Attention: Do we really need it or simply want it?
Have you ever…
- Wanted to be in the limelight?
- Wished that people noticed what you do?
- Wanted to win that personality pageant in college?
- Craved the friendship of the new person who joined class?
- Longed for responsiveness from your parents over your sibling?
It is ingrained in human nature to desire validation from those around us. It adds to the sense of self-worth and helps build a concept of ourselves; a framework in which we slot in our qualities and look back to when we feel unsure of our potential. Attention has become more of a need than a want, although it also remains true that seeking external endorsement takes away independence in thinking and makes you vulnerable to self-doubt.
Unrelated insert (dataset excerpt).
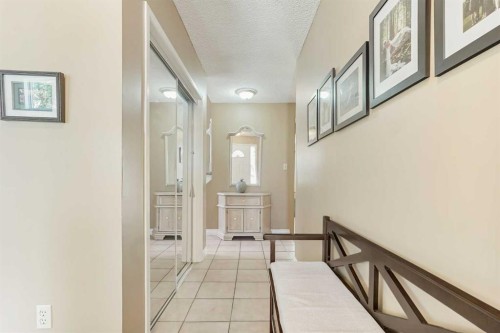82 Sherwood Boulevard West, Lethbridge, AB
Why then do we crave attention so much? Is it such a good thing? And why do we feel a sense of accomplishment when we are singled out even when we have been in the wrong?
The attention cycle
We use trial and error to figure out what makes others continue to give us attention and what drives them away. Think about your friends and what you do to get them to focus on you: sometimes you use humour, at others you discuss fashion, many a time you are intellectual, sometimes sporty or musical, whereas at times you’ve even mocked them with sarcasm that has been received well based on the given situation. There may also have been situations where you’ve been insolent, inconsiderate or pompous. And that may have propelled your friends far away from you.
With initial experiences, you tend to learn that when you are courteous, considerate, tactful, and most importantly when you are happy, you pull others closer to you. And when others around you react with interest, affection and approval, you further grow in these practical skills, and find a positive place in your family, friend circle and the society at large. You get yourself into a cycle of garnering the right kind of attention for the right kind of behaviours.